In this third key, we’re going to talk about what is probably the hardest challenge:
Key 3: Managing Memory Loss.
To get a picture of the scope of the problem, it is estimated that 5.5 million Americans have some stage of Alzheimer’s dementia. That is approximately one in 10 people over the age of 65. If you, or someone you love, have found yourself part of those statistics, you’re not alone and there are things that can be done.
First, recognize that there are many stages to the progression of dementia. If you want a short overview, here is a link to our blog article on the stages of dementia. Read Here. Make sure you talk to your doctor. Often, elders will try to hide their symptoms because it is both frightening and embarrassing to them. But, the sooner it is identified, the sooner treatment can be started to slow the progression of the disease.
Many people with early stage dementia are able to live normal and happy lives, often with a great degree of independence. As a geriatric care manager, the individuals that I’ve seen be the most successful have three things in common:
- They have close and open relationships,
- They have strong daily structure,
- They have built in safety and monitoring into their daily lives.
Close and open relationships.
The relationships with children, other family members, or even friends and neighbors can be so critical to an individual who is experiencing dementia. These people provide an emotional support, understanding, and the sense that no matter what happens, you’ll be taken care of. These individuals also are the ones that can identify where the problems and challenges are popping up for their loved one. There is a problem when your brain stops working correctly. You can’t see it because you perceive the world in your own mind. It takes an outside individual to be able to see where things are going wrong for you; and that takes trust. Close and open relationships make all the difference.
Strong daily structure.
Some people naturally tend to create very structured lives while other people tend to want to “live in the moment” and push against having structure. Individuals who create strong patterns have an advantage over their more artistic counterparts. If you have a morning ritual that has you doing the same thing every day, at a certain point it’s very easy to go into ”autopilot”. In this state, you’re not actually making decisions, you’re just following a script. When people have early dementia, decision-making becomes difficult so people with strong patterns stay more functional because they’re just following that script. The artistic mode of operation is just more mentally energy-intensive, so folks can’t do it at a certain point.
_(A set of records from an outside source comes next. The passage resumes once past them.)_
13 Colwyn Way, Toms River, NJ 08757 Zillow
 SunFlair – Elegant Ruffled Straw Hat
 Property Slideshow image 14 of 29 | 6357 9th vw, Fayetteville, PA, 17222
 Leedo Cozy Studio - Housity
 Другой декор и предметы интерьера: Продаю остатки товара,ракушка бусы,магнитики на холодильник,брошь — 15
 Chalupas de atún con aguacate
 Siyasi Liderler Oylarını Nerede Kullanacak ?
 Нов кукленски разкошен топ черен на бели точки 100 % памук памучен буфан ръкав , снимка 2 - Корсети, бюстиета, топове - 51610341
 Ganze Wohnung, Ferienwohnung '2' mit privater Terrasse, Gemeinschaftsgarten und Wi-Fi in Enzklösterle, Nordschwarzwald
If you’re working with the one who struggles with his/her structure, a great course of action is to write a schedule out with him/her. Post it in multiple locations around their house so they don’t have to remember where it is. If they forget to take their medication in the afternoon, set an alarm, and put a note beside the alarm to take their medications. Eventually, these rituals become part of everyday living and to an individual with dementia, repetition is often times comforting.
More information on the importance of a daily routine, read this!
Build safety monitoring into your everyday life.
I’m not going to attempt to sell you a safety monitoring system for your loved one; those do have their place. What I’m talking about in regard to safety monitoring really loops back to the first point: warm human connection. The best safety net for a senior is a real, live person who comes to their house on a routine basis. When an elder is living alone, often the family has some degree of worry about them. How does the daughter living two states away know that mom is okay? How would we be notified if they weren’t? Do you have someone who drops by and/or calls on a routine basis? The most vulnerable seniors are the most isolated.
“But my mom is a quiet and private person”
People that like to be alone and are okay with isolation are doubly at risk. They are the least likely to tell people about problems with their health or safety. As a senior care manager, I’ve seen time and time again people who were described as “just wanted to be left alone” truly come to enjoy frequent visits from family or even paid caregivers. There may be no cure for Alzheimer’s, but there is a cure for loneliness and isolation; a cure for feeling alone and forgotten. And we all have that cure at our disposal.
Most often, the problems that put seniors into nursing homes build over months and years: disease progression and physical health decline, loss of mobility and capability to perform activities of daily living, and finally, memory loss. If these problems can be spotted earlier, better solutions can be found.